Fannie Mae's Economic Outlook series continued its 2013 theme "Transition to 'Normal?'" in its June edition saying that four years into an expansion it appears the country may be well into a prolonged period of sub-par but sustainable growth. Fannie Mae's economists say that they expect the annual growth rate between now and the end of the decade will average between 2.25 and 2.50 percent where the consensus of what would constitute normal will likely be around 2.75 percent. Thus growth will probably be a bit slower than the potential of the economy and if that proves incorrect it will likely be housing and energy development that drive it higher.
The economists, Doug Duncan, Orawin T. Velz, and Brian Hughes-Cromwick, say their intermediate term view has changed little since the beginning of the year; modest growth for this year before accelerating moderately next year, and a durable recovery for housing with homebuilding and construction employment returning to normal around 1916.
There have been some surprises, however with a more restrictive fiscal policy than anticipated but more consumer resiliency despite the sequester, the end of the payroll tax holiday and tax hikes on higher earners and associated with the Affordable Care Act. Accelerated home prices have helped to offset some of the economy's negatives.
In the housing sector they see upward momentum building. Home sales, especially single-family sales, were at the highest level in April since April 2010 and year-to-date sales were 26 percent above the same period in 2012. Fannie Mae's forecast calls for steadily rising new home sales, reaching normal levels by 2016 when the ratio reaches 2.7 sales per 1,000 population. This would mark a ten year process from the downturn back to normal activity.

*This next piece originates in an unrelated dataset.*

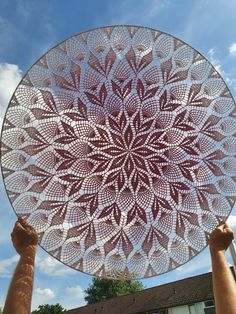 two hands holding up a large circular metal object in front of a blue sky with white clouds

Existing home sales reached their highest level since mid-2009 in April but housing starts fell sharply, primarily because of the volatile multifamily sector. Housing permits jumped to a 1 million annual pace and home builder confidence rebounded in May after three consecutive monthly drops with an especially strong gain in the expected sales component.
Fannie Mae said that key to this view of a durable housing recovery is the turnaround in home prices which seem to be accelerating their gains which are also widespread, rising in more than 90 percent of CoreLogic's 100 metropolitan areas.
The expectation of rising prices might entice potential homebuyers into the market and may signal better conditions to potential sellers. The National Housing Survey for May showed a surge in consumer expectations for more price gains over the next 12 months and the share of respondents who viewed this as a good time to sell was the largest since Fannie Mae began the survey.
Driving the higher prices have been both shrinking inventories of homes for sale and fewer distressed properties on the market. April marked the first time that the share of distressed home sales was below 20 percent since 2008. Tight inventories may be easing, at least for existing homes but the number of new homes available has only gradually trended up since the record low of last summer.
This has created an opportunity for spec building which dominated the market prior to the housing crisis but dived to a trough in 2010. Those homes, built without a contract with the buyer, are trending upward although they remain at historically low levels.
Mortgage rates spiked in early June and have already impacted mortgage demand. During May mortgage applications fell 6 percent but refinance applications were down 40 percent during the same period. Fannie Mae's economists' predictions for mortgage rates has jumped about 50 basis points since the May forecast with the yield on the 30-year fixed rate mortgage expected to rise to 4.7 percent by the end of 2014. Despite this, they expect the housing recovery to continue with housing starts and home sales rising in 2013 by 25 percent and 7 percent respectively. They have revised the estimate of last year's mortgage production volume upward because they may have underestimated the number of originations held in depository institution portfolios. They also raised the value of mortgage originations last year from $1.92 trillion to $2.02 trillion. This lifted the trajectory for 2013 by about $75 billion to $1.74 trillion with a slightly higher refinancing share of 65 percent. This, however merely front-loaded estimates of refinance originations and significantly decreased projected refinance originations in 2014.
The latest data from the Federal Reserve show outstanding single-family mortgage debt fell 2.3 percent on an annualized basis in the first quarter of 2013. Fannie Mae expects it to post a slight gain in 2013 - the first annual increase in six years.